Повести и рассказы

Вазов Иван

Настоящее издание представляет собой сборник произведений классика болгарской литературы Ивана Вазова (1850–1921). В него вошли повести («Отверженные», «Наша родня») и рассказы («Вылко на войне», «Встреча», «Упрямая голова» и др.).

ИВАН ВАЗОВ (1850–1921)

Великий болгарский писатель-реалист, всепризнанный патриарх, гордость и слава болгарской литературы Иван Вазов родился 27 июня 1850 г. в городе Сопоте, в семье зажиточного торговца. С ранних лет проявлял интерес к литературе, чему способствовала царившая в доме атмосфера и знакомство с русской классической поэзией, самостоятельно изучил русский и французский языки, читал в оригинале Гюго, Ламартина, Беранже, Пушкина и Лермонтова. В 1874 г. Вазов вступил в тайный революционный комитет по подготовке восстания, которое должно было привести к провозглашению национальной независимости.

Восстание, вспыхнувшее по ряду причин преждевременно, было жестоко подавлено регулярными турецкими военными силами и ордами башибузуков. Вазову пришлось бежать в Румынию, где он пробыл до начала русско-турецкой освободительной войны.

Апрельское восстание оказало глубочайшее влияние на все творчество Вазова, дало мощный толчок его росту как художника — выразителя народного самосознания.

В Румынии Вазов принимает участие в работе эмигрантских национально-освободительных организаций, издает ряд поэтических сборников, которые сразу же заставили обратить на него внимание. К концу 70-х годов Вазов становится виднейшим поэтом болгарской демократии, отстаивая своим пером идеалы национального освобождения и политической независимости своего народа.
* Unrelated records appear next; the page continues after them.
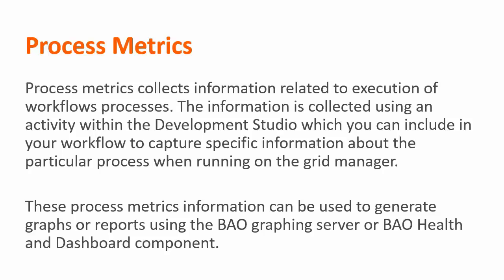These process metrics information can be used to generate graphs or reports using the BAO graphing server or BAO health and dashboard component.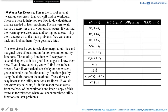In this video, we will be solving this warm-up exercise. This exercise asks you to calculate marginal utilities and the marginal rate of substitution for some common utility functions. These utility functions will reappear in several chapters, so it's a good idea to get to know them now.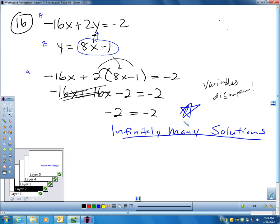Now, what this doesn't tell me — and what we'll learn in an upcoming section — is what the correct solution set would be. All I know is that there are infinitely many values that will work for both of these equations. Infinitely many solutions is different from all real numbers. All real numbers means I can plug anything in I want; that's not what's going on here. These are the same lines, and there are infinitely many solutions that will make both true.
По окончании русско-турецкой войны Вазов занимает ряд административных должностей, активно участвует в культурной и общественно-политической жизни страны, не прекращая литературных занятий. Установленный в стране режим буржуазной диктатуры Стамболова, ориентировавшегося на сближение с западными капиталистическими государствами и спровоцировавшего разрыв дипломатических отношений с Россией, вынудил писателя как убежденного русофила эмигрировать в Россию. С 1887 по 1889 г. он жил в Одессе. После падения режима Стамболова, в 1895 г., Вазов был избран депутатом Народного Собрания, а с 1897 по 1899 г. работал на посту министра народного просвещения, после чего целиком отдался литературной работе.

ПОВЕСТИ

ОТВЕРЖЕННЫЕ

Ночь опустилась сырая, темная, и улицы Браилы были пустынны. Холодный декабрьский туман, который часто стелется над берегами Дуная, заполз и в город, и последние прохожие, спешившие вернуться, задыхались в тяжелом воздухе. Тускло горели фонари, стоявшие на почтительном расстоянии друг от друга по обеим сторонам одной из главных улиц; их мутный, бледный свет едва пробивался сквозь туман, и чудилось, будто они не рассеивают, но сгущают мрак. Все лавки и магазины были заперты, лишь изредка слышались отдельные крики и ругательства на каких-то картежников, засидевшихся в уже закрытом казино.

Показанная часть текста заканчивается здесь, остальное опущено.